Colombie: Répression contre les indigènes: lettre de Perez Esquivel à Uribe
«Stop à la répression»
Bogota, 26 octobre 2008 (Apic) «Nous exigeons du gouvernement et de son président Álvaro Uribe la fin de la répression et le respect des peuples indigènes, de leurs terres, de leurs droits, de leur identité, de leurs valeurs et de leur spiritualité».
Le prix Nobel de la paix argentin Adolfo Pérez Esquivel est intervenu en faveur des peuples indigènes, protagonistes de la vaste mobilisation pour la terre et contre la violence dont ils sont victimes, avec une lettre transmise au président colombien Alvaro Uribe dans laquelle il a condamné la riposte violente de l’exécutif.

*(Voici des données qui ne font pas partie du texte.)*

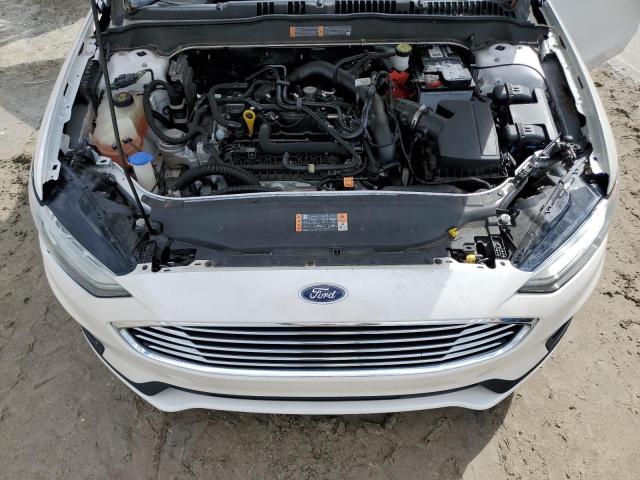 3FA6P0HD1KR127944 - 2019 FORD FUSION SE WHITE photo 11
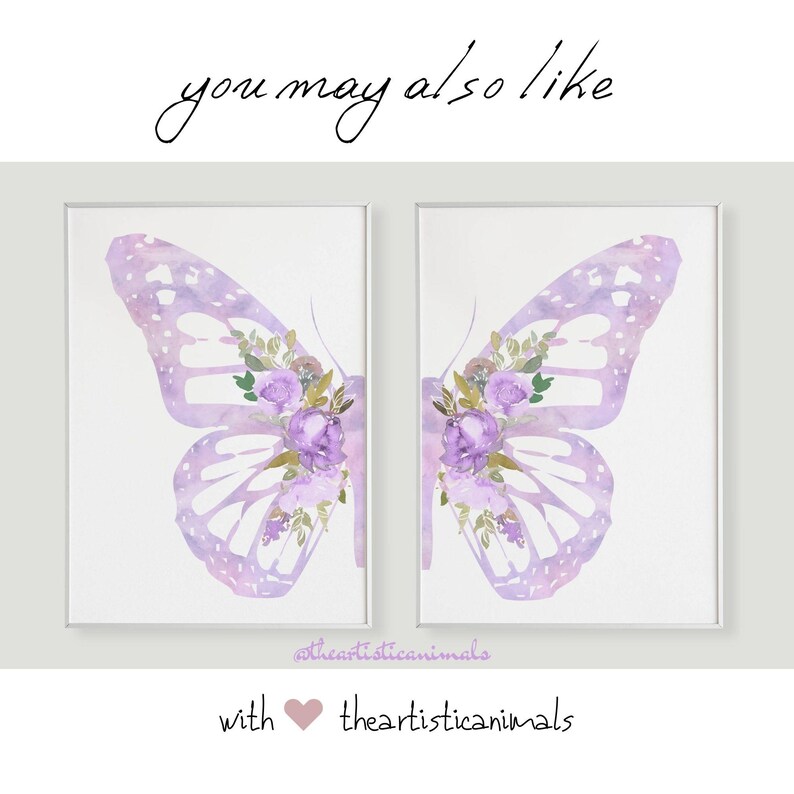 Op de afbeelding: Twee aquarel-vlinderprints met paarse bloemen en een lichtpaarse achtergrond. De prints zijn ingelijst in witte lijsten en worden getoond op een witte muur. De tekst "theartisticanimals" staat onderaan de afbeelding.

«La répression policière brutale et inconcevable contre la protestation indigène, dénommée ’minga’ (à savoir journée communautaire pour la résistance), confirme encore une fois un esprit belliqueux et peu enclin au dialogue», écrit Esquivel, ajoutant que «les droits humains des peuples indigènes sont systématiquement violés par le gouvernement».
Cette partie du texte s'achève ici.